◆ Input data ◆
━━━━
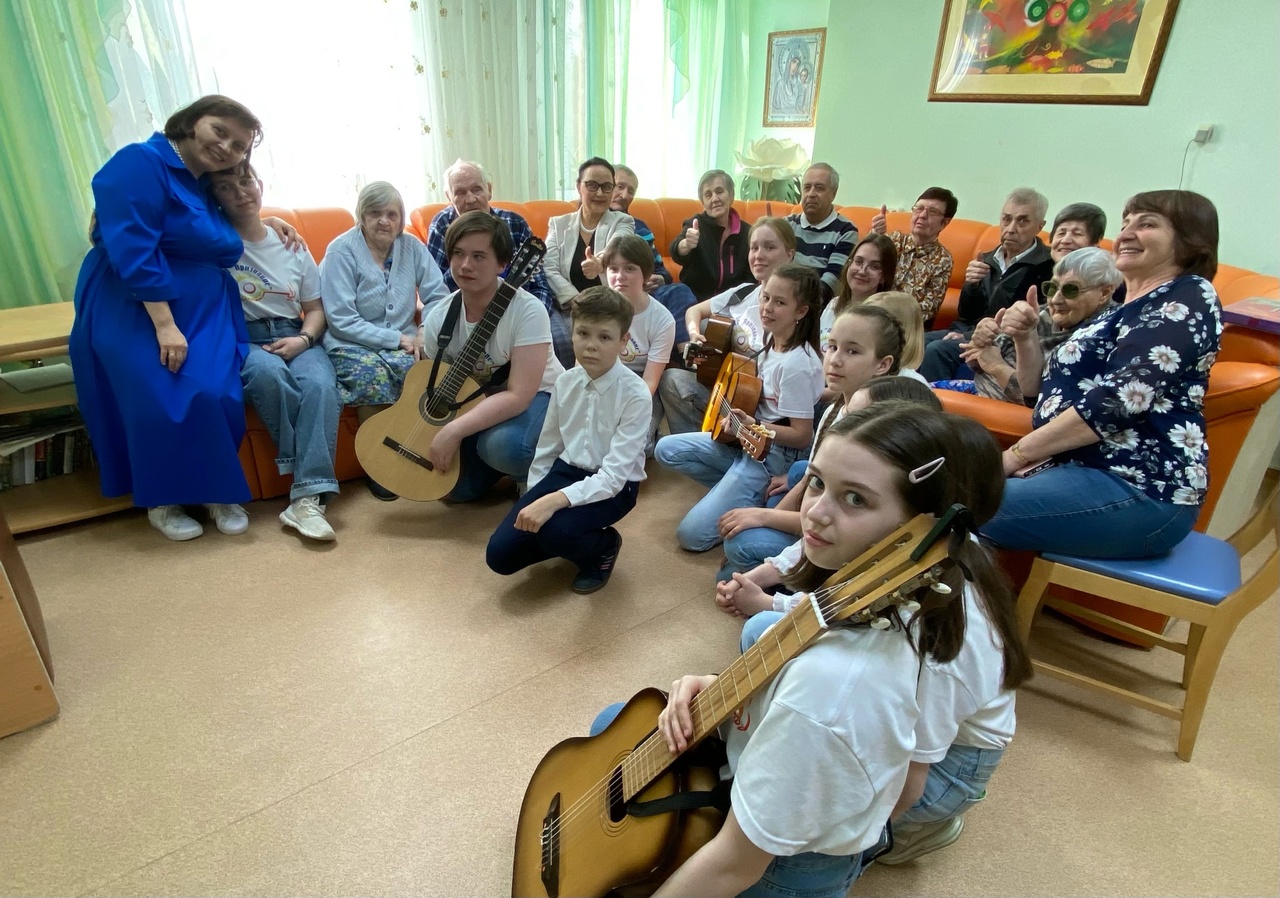 КСП Признание поздравили жителей Дома престарелых с наступающим праздником Великой Победы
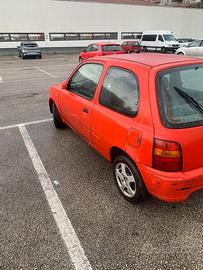 Nissan Micra, auto storica. 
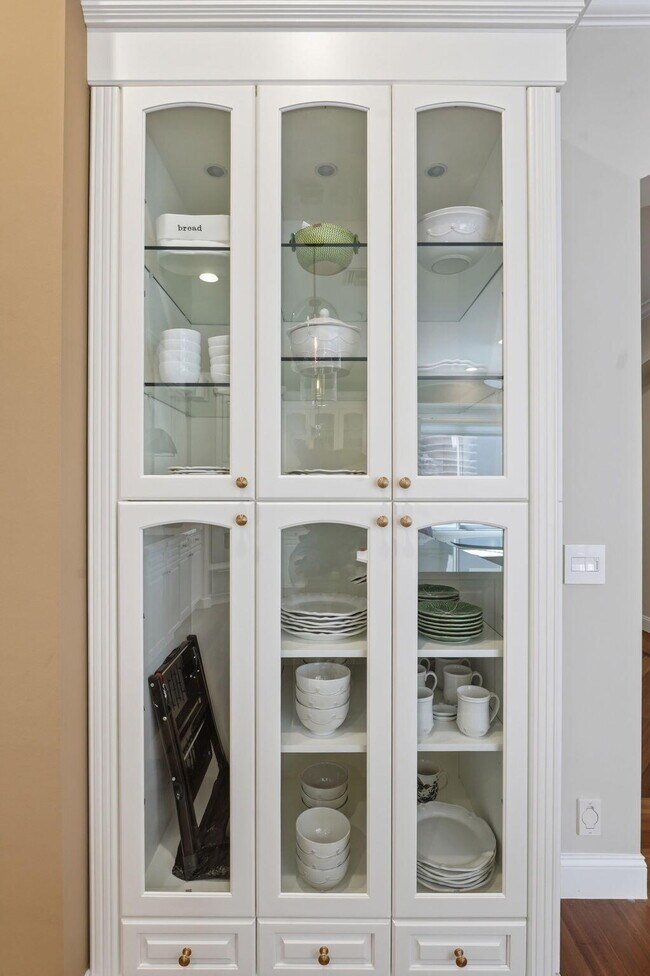 Building Photo - 921 Osceola Dr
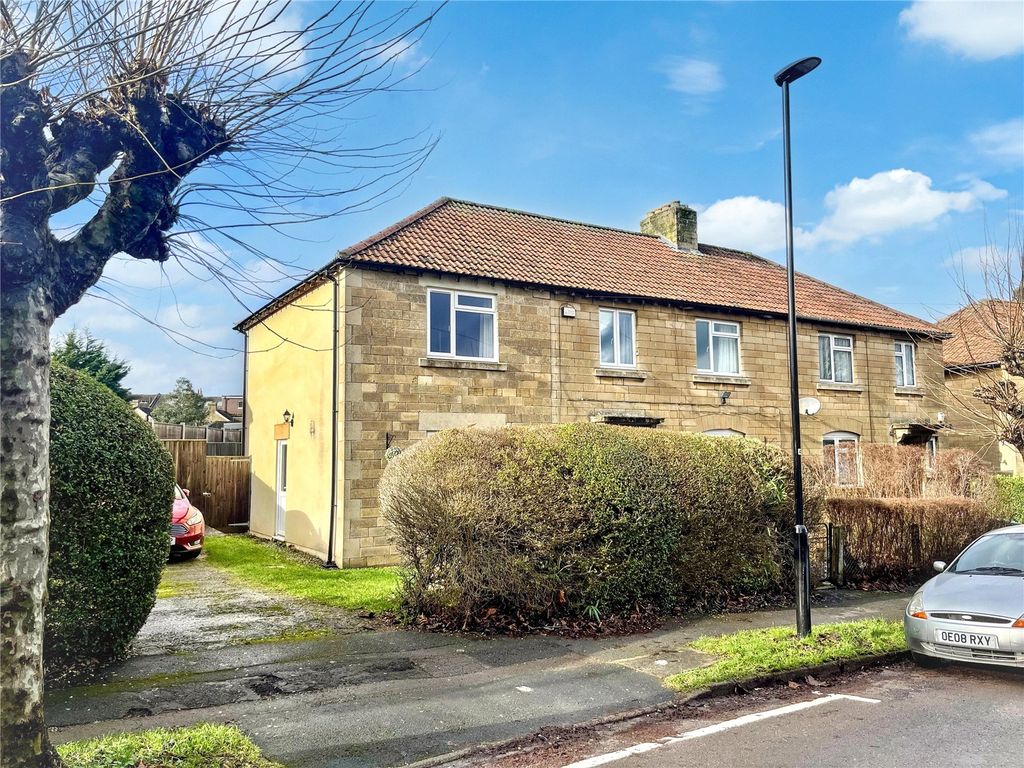 Property photo 1 of 18 Picture No. 02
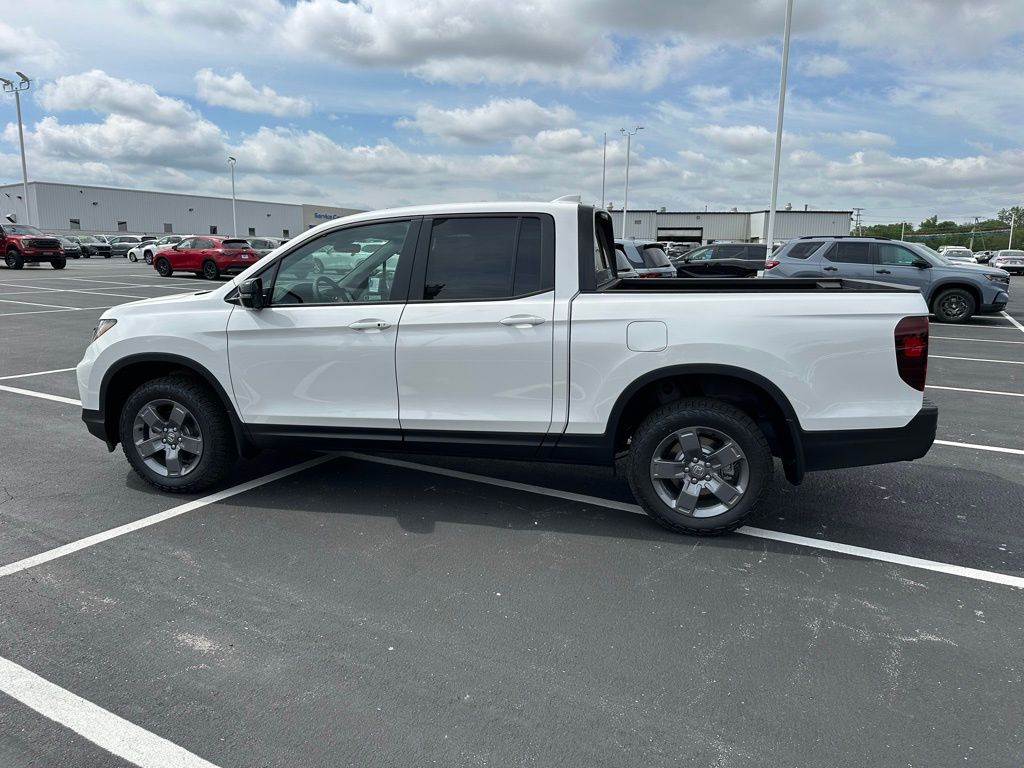 2025 Honda Ridgeline TrailSport photo 2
━━━━
◆ What to produce ◆
This task calls for an exact copy of the data above, without pictures.

◆ Exercise result ◆
 КСП Признание поздравили жителей Дома престарелых с наступающим праздником Великой Победы
 Nissan Micra, auto storica. 
 Building Photo - 921 Osceola Dr
 Property photo 1 of 18 Picture No. 02
 2025 Honda Ridgeline TrailSport photo 2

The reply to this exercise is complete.